11 Mayıs 2009 Pazartesi

Özledim Pavyon'umu!

A benim güzel Pavyon'um. Nasıl özledim seni bilemezsin. Yetim bir çocuk gibi bırakmam seni bil ki keyfimden değil. Herşeyi olduğu gibi seni de boşladım biraz. Ama okul falan işte. Sonra eve daha internet bağlanmadı. Bilsem hiç iptal edilmesine izin vermezdim.
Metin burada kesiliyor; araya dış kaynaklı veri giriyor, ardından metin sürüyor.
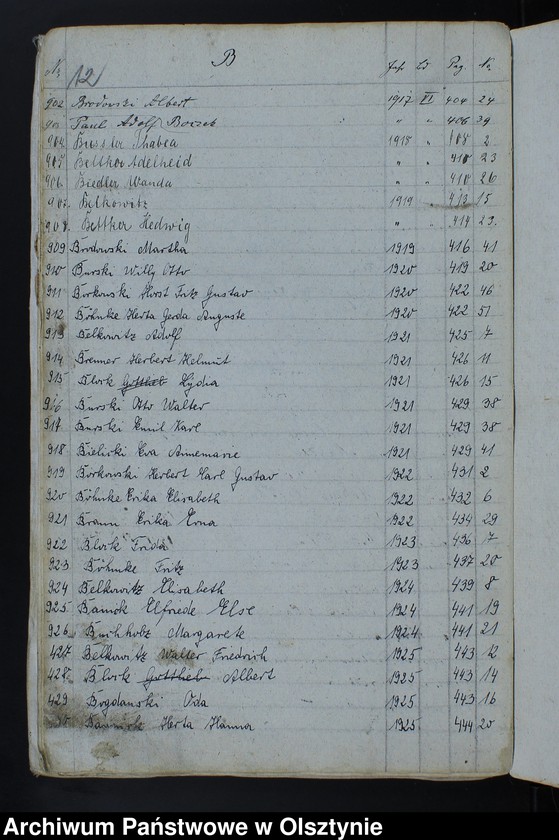 image.from.unit.number "Alphabetisches Nahmen Verzeichniss zu Kirchenbücher"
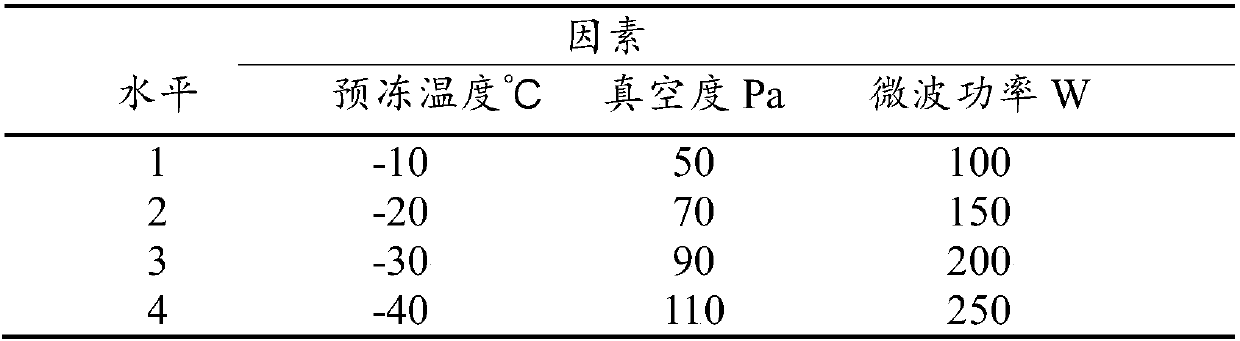 Noodle and preparation method thereof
Seninle aramdaki duygusal bağı kimse anlamayacak belki. Şu an çok ciddi olduğumu düşünmeyenler de olabilir belki... Hiçbirisi umrumda değil Pavyon'um.. Seni ete kemiğe sokup sarılmak istiyorum!

4 Mayıs 2009 Pazartesi

Okul Başlıyo

Sevgili küllük.
Evet küllük.
Ne oluyo lan bana. Değişik oldum anasını satim yine. Okul başladı, saat 1de dersim var ama bu saate okuldayım. Bütün arkadaşlarımdan ayrıldım o çok üzücü. Kaldı birçoğu. Biz onları görmeye geldik.
Yanımda Nurbanu var, esneyip duruyo. İçim sıkkın. Defter getirmedim ilk gün diye. Kalem de yok. Silgi de. Kitap da yok. İlokuldayım sanki. Allah cezamı versin. Aptallık yapmışım.